Chemistry: molecular biology and microbiology – Animal cell – per se ; composition thereof; process of...
Reexamination Certificate
2001-05-09
2004-12-07
Crouch, Deborah (Department: 1632)
Chemistry: molecular biology and microbiology
Animal cell, per se ; composition thereof; process of...
C435S326000, C435S007100
Reexamination Certificate
active
06828145
ABSTRACT:
FIELD OF THE INVENTION
Embodiments of the present invention are directed to a method for isolating mammalian stem cells from a population of cells by immunolabeling the population of cells with MHC/HLA gene-product markers. Further embodiments of the present invention are directed to the purification and enrichment of cells so isolated.

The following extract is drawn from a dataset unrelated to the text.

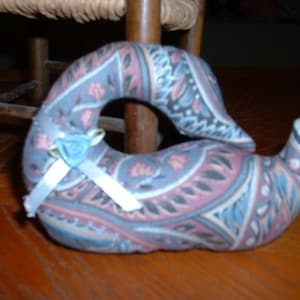 Glücksschwan, Stofftier, Dekotier, Landhausschmuck, wunderliches Geschenk, Geschenkidee, Einweihungsgeschenk, Landhausdekor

BACKGROUND OF THE INVENTION
Nearly every cell in an animal's body, from neural to blood to bone, owes its existence to a stem cell. A stem cell is commonly defined as a cell that (i) is capable of renewing itself; and (ii) can give rise to more than one type of cell (that is, a differentiated cell) through asymmetric cell division. F. M. Watt and B. L. M. Hogan, “Out of Eden: Stem Cells and Their Niches,”
Science,
284, 1427-1430 (2000). Stem cells give rise to a type of stem cell called progenitor cells; progenitor cells, in turn, proliferate into the differentiated cells that populate the body.
The prior art describes the development, from stem cell to differentiated cells, of various tissues throughout the body. U.S. Pat. No. 5,811,301, for example, the disclosure of which is hereby incorporated by reference, describes the process of hematopoiesis, the development of the various cells that comprise blood. The process begins with what may be a pluripotent stem cell, a cell that can give rise to every cell of an organism (there is only one cell that exhibits greater developmental plasticity than a pluripotent stem cell; this is a fertilized ovum, a single, totipotent stem cell that can give rise to an entire organism when implanted into the uterus). The pluripotent stem cell gives rise to a myeloid stem cell. Certain maturation-promoting polypeptides cause the myeloid stem cell to differentiate into precursor cells, which in turn differentiate into various progenitor cells. It is the progenitor cells that proliferate into the various lymphocytes, neutrophils, macrophages, and other cells that comprise blood tissue of the body.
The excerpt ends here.